Deloitte in the news
Adopting AI is Natural Evolution for any Insight-Driven Organization
David Steier, managing director of Advanced Analytics and Modeling at Deloitte Consulting LLP
AI Business recently got the chance to speak to David Steier, managing director of Advanced Analytics and Modeling at Deloitte Consulting LLP. Using advanced analytic and visualization techniques, including predictive modeling, social network analysis, and text mining, David and his team of quantitative specialists at Deloitte help clients across a variety of industries to solve some of their most complex technical problems.
We start by discussing Deloitte’s position on AI–where are they up to as a ‘Big Four’ consultancy firm, and what are their key goals for AI in the short- and long-term? David shares this thoughts:
“In the short-term we plan to evangelize AI and its impact on the enterprise–the scope and breadth of these technologies, and how AI is going to transform many aspects of business from back end operations to customer interaction. In the long run, the goal is to provide prototypes and enterprise scale cognitive applications to clients across industries”.
But the scope for AI is not just client-focused, David continues:
As a firm with innovation at its heart, we plan on leveraging the breakthroughs in AI internally as well. This will help augment the intelligence and productivity of our workforce, enabling us to innovate our offerings and enhance the value we provide to clients.
David explains the advantages that alliances provide Deloitte within the marketplace:
“We’re always on the lookout for promising technologies that augment the scope of our automation, engagement, and insights offerings. Our alliances with firms like IBM around technologies like Watson enable us to provide well-rounded cognitive applications to our clients using best-in-class technologies and platforms. In conjunction with our proprietary algorithms and deep industry knowledge, we are able to provide industry-specific solutions to clients, efficiently and at scale”.
Like with all emerging technologies, the road to implementation of AI is not necessarily a smooth one. Interestingly David says that the “perception that AI is a technology of the future” is a challenge businesses face when looking to adopt the technology:
“Making AI real for clients and our own business leaders through working prototypes is going to be key to overcome this challenge”.
“And lastly, but probably the most important of all”, David points out, “are the concerns around data privacy and security”:
“While personal data is already being collected in different ways, the legal and ethical frameworks to leverage this data in AI-enhanced applications are almost non-existent. As the space matures and rates of AI adoption increases, there needs to be a multi-dimensional approach to develop these frameworks”.
From a consultancy standpoint, David is well placed to comment on what is important within an enterprise to allow it to embrace AI and enable its adoption. He shares his thoughts on this:
“Adopting AI technologies is a natural evolution for any company that seeks to be an insight-driven organization. Having a culture of experimentation and innovation embedded throughout the enterprise will help organizations to fully tap into the magnitude of impact that AI enables. A culture of design thinking is also necessary to fully recognize the transformative impact of AI across an organization”.

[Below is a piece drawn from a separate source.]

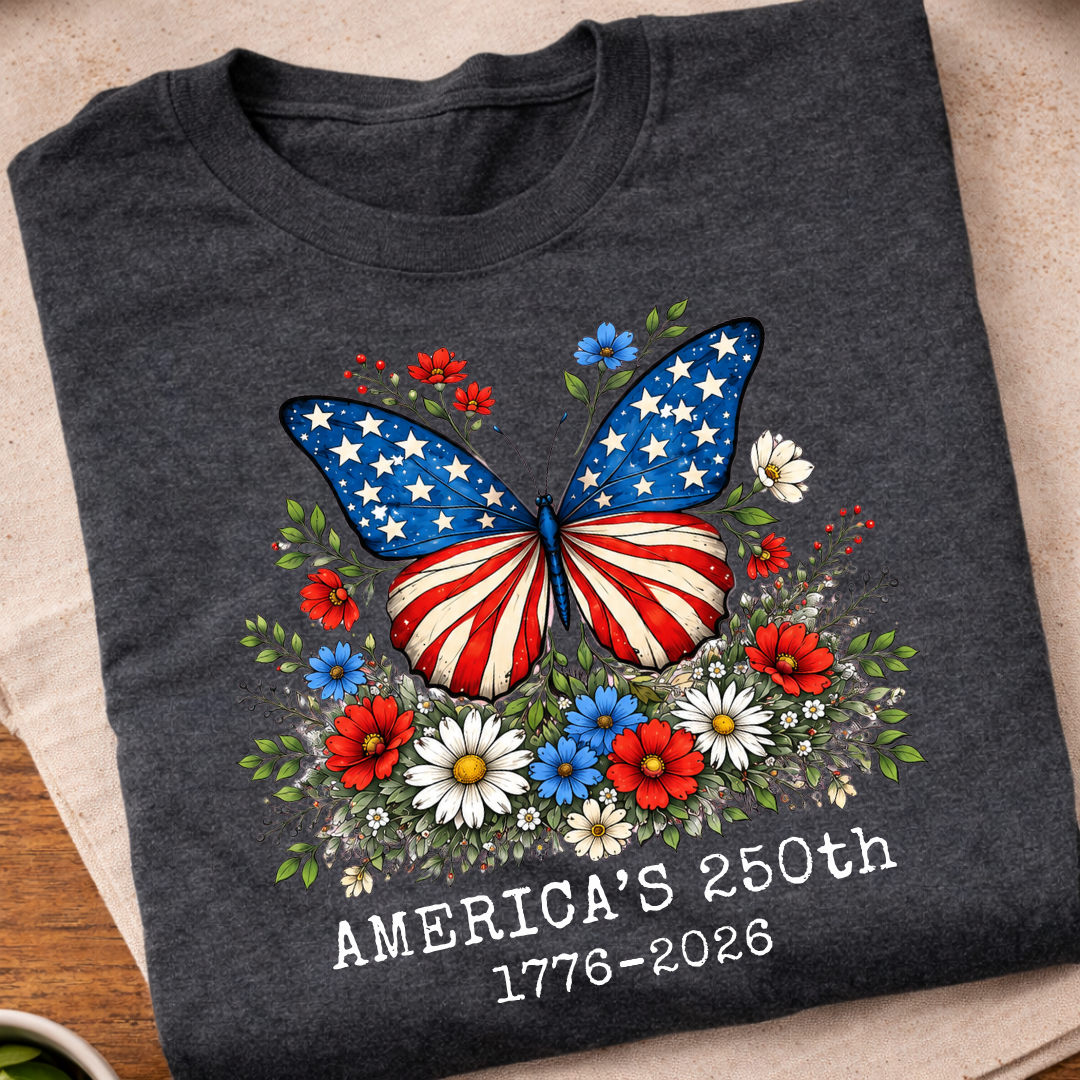 Floral America's 250th Butterfly T-Shirt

Looking out to the enterprise landscape, David says “industries with a lot of unstructured data (ex. medical notes, forms, and geo-data) have the greatest potential for transformation using AI”:
“As AI enables automation of knowledge intensive processes that are reliant on the interpretation of unstructured data, we’re seeing great demand for these technologies in the healthcare and financial services industries. Concurrently, retail and other customer facing industries are increasingly demanding AI technologies to deliver new models of engagement to consumers. As with the adoption of any new technology, we’re seeing a variance in rates of AI adoption, but in the medium-long term, AI will be embedded into enterprises across many industries”.
He goes further to describe several use cases for AI in key industry areas:
“Some of examples of AI in action include automating the labor intensive prior authorization process in the healthcare industries, preventing money laundering in the financial services industry by delivering contextualized deep insights in real-time, and intelligent agents that are enabling better health outcomes for patients by engaging providers, patients, and health plans at the right time through meaningful interactions”.
This article originally appeared on aibusiness.org as part of the AI Summit in San Francisco. David delivered his keynote on ‘Cognitive Computing: Reimagining the Enterprise’ and was joined at the event by fellow CxOs from the world’s leading enterprises and the most exciting AI software developers, gathering to explore the huge opportunity that AI presents all industry verticals.
And there’s another “perception” that David cites as a barrier to adoption: “the perception that AI is going to replace humans”:
“It’s critical for firms like ours to educate business leaders that AI can be used to augment the intelligence of our workforce, not necessarily to replace them”, he says.